You could probably make a lookup table that works "well enough" in like a few hours.


You could probably make it in a few minutes - the direction of the sun is, to a first approximation, 15 degrees times the number of hours it is after midnight. This leads to a trick for using an analog watch as a compass:

https://www.citizenwatch-global.com/support/exterior/directi...

https://www.watchaffinity.co.uk/blog/how-to-use-your-watch-a...

This is more prone to errors closer to the equator and in the summer (https://possiblywrong.wordpress.com/2012/01/25/using-a-watch...) but should be good enough for picking a side of the bus.

(This is all in the northern hemisphere; in the southern hemisphere the sun goes the other way, so change the sign on everything.)


The equation of time gets in there too if I recall correctly - https://en.wikipedia.org/wiki/Equation_of_time

> The equation of time describes the discrepancy between two kinds of solar time.
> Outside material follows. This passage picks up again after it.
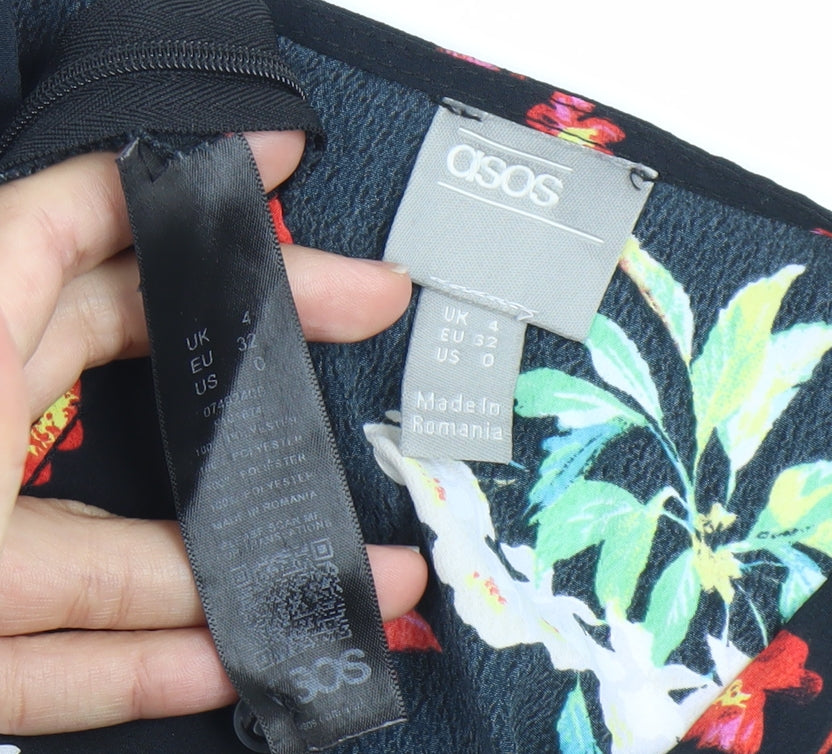 ASOS Women’s Black Floral Kimono Blouse Size 4 Balloon Sleeve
The word equation is used in the medieval sense of "reconciliation of a difference". The two times that differ are the apparent solar time, which directly tracks the diurnal motion of the Sun, and mean solar time, which tracks a theoretical mean Sun with uniform motion along the celestial equator. Apparent solar time can be obtained by measurement of the current position (hour angle) of the Sun, as indicated (with limited accuracy) by a sundial. Mean solar time, for the same place, would be the time indicated by a steady clock set so that over the year its differences from apparent solar time would have a mean of zero.

And this gets into a neat part of the Clock of the Long Now and a cam needed to keep track of that over 10,000 years. https://longnow.org/ideas/the-equation-of-time-cam-keeping-g...


The equation of time would be in there! But the largest that gets is about 16 minutes, corresponding to a 4-degree error in position, and there are much bigger sources of error. But thanks for the link to the Clock of the Long Now!


I believe they meant edge cases when dealing with sun position calculations or maybe other things, not that the sun position is an edge case.